L’ultima relazione annuale dell’Anac, relativa al 2021, ha analizzato l’andamento dei contratti pubblici partendo dalla Banca Dati Nazionale gestita proprio dall’autorità. In quell’anno il valore complessivo degli appalti di importo pari o superiore a 40.000 euro si è attestato a 199,4 miliardi di euro – per fare un confronto si tratta del valore dell’intera quota della Recovery and resilience facility destinata all’Italia – di cui 86,1 per forniture, 70 per servizi e 43 per lavori. Più di metà (131mila) dei 213mila contratti complessivi è stata di importo inferiore alla soglia di 150mila euro, sotto la quale già dal 2020 si può procedere tramite affidamento diretto a un’impresa scelta discrezionalmente dalla stazione appaltante. Altri 61mila non hanno superato 1 milione di euro, caso in cui è già consentito ricorrere alla procedura negoziata senza bando invitando almeno 5 imprese a rotazione. Oltre 15mila, poi, si sono assestati tra 1 e 5 milioni, caso in cui se si tratta di lavori è sufficiente consultare almeno 10 operatori (per servizi e forniture solo 5). Prendendo in esame i soli contratti di lavori – i “cantieri” veri e propri – si scopre poi che ben il 98% dei contratti, per un valore di quasi 19 miliardi, ha riguardato opere di valore inferiore a 5 milioni, dunque sotto la soglia comunitaria.

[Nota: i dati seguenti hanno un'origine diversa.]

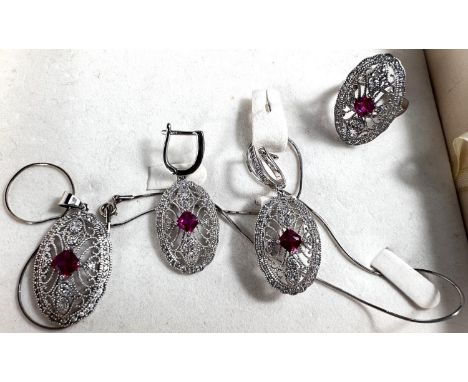 A suite of white metal jewellery stamped 925, necklace, earrings, ring, set with ruby coloured central stone surrounded by cl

Ma come hanno concretamente deciso di muoversi le stazioni appaltanti, di fronte alla chance di evitare le gare? L’hanno colta quasi nell’80% dei casi: “Con la procedura aperta sono state assegnate nel 2021 circa il 18,5% delle procedure totali”, scrive Anac, “mentre nel 37,1% e nel 37,6% dei casi (per un totale di ben il 75,7%) le stazioni appaltanti hanno utilizzato rispettivamente una procedura negoziata senza pubblicazione del bando e l’affidamento diretto”. Un altro 5,8% ha optato per la procedura ristretta (comunque una gara) e l‘1% per la procedura negoziata previa pubblicazione del bando.

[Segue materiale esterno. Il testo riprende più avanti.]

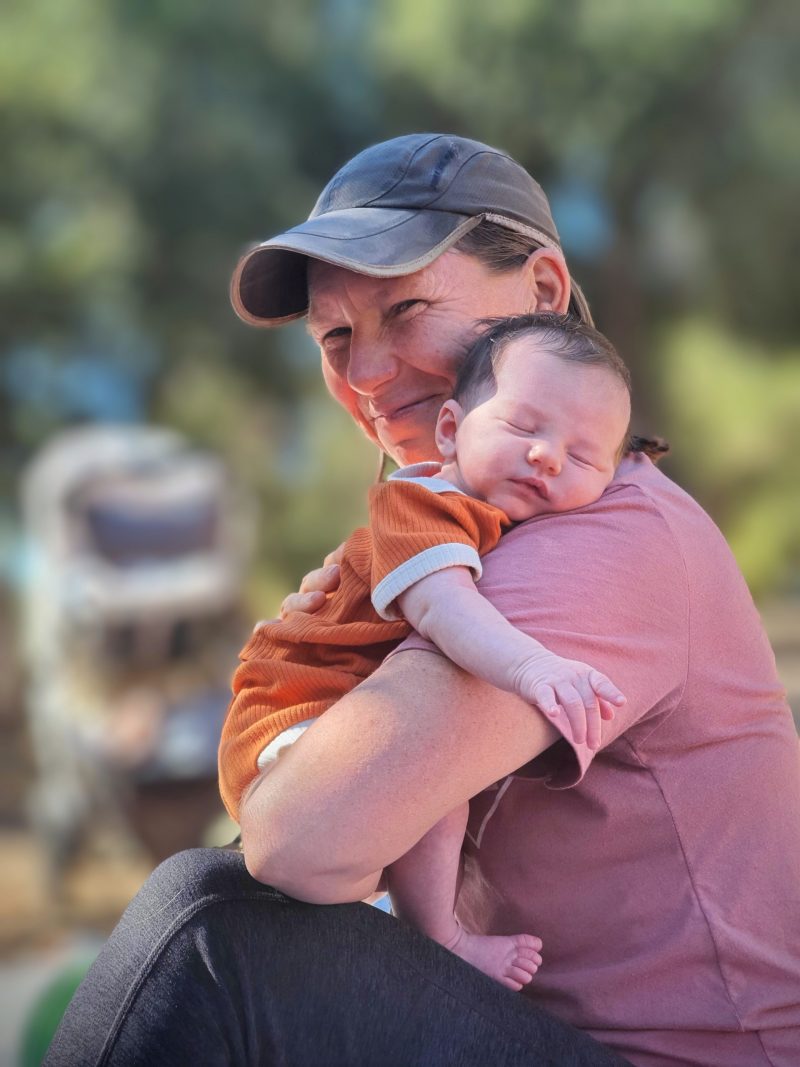 Tania holding a sleeping newborn at Libbey Park in Ojai, CA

Che cosa cambierà da luglio, con l’entrata in vigore del nuovo Codice? Poco. Fino ai 150mila euro l’affidamento diretto diventa regola, dai 150mila a 5,3 milioni la stazione appaltante potrà ancora scegliere la procedura negoziata. Le gare continueranno dunque a essere l’eccezione, esattamente come avviene già adesso. Le principali novità sono altre: il via libera al discusso appalto integrato, le liberalizzazione del subappalto a cascata e soprattutto la decisione di frenare ancora una volta l’avanzamento verso la qualificazione delle stazioni appaltanti, ancora oggi oltre 35mila, prevista dal 2016 e sempre rimasta lettera morta.

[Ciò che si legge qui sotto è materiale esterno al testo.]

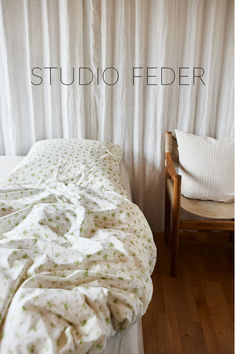 an unmade bed sitting next to a wooden chair in front of a white curtain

Questo è farina del sacco del governo Meloni, che ha modificato il testo del Consiglio di Stato fissando a 500mila euro la soglia sotto la quale le stazioni non qualificate (leggi i piccoli Comuni) continueranno a gestire appalti senza doversi rivolgere a enti con le competenze necessarie. Secondo il presidente Anac Giuseppe Busia il risultato è che “i lavori e gli acquisti si fanno male, si spende molto di più del necessario e si buttano soldi pubblici. Altrimenti le pubbliche amministrazioni soccombono nella contrattazione con i grandi gruppi privati”. Altro che velocizzazione.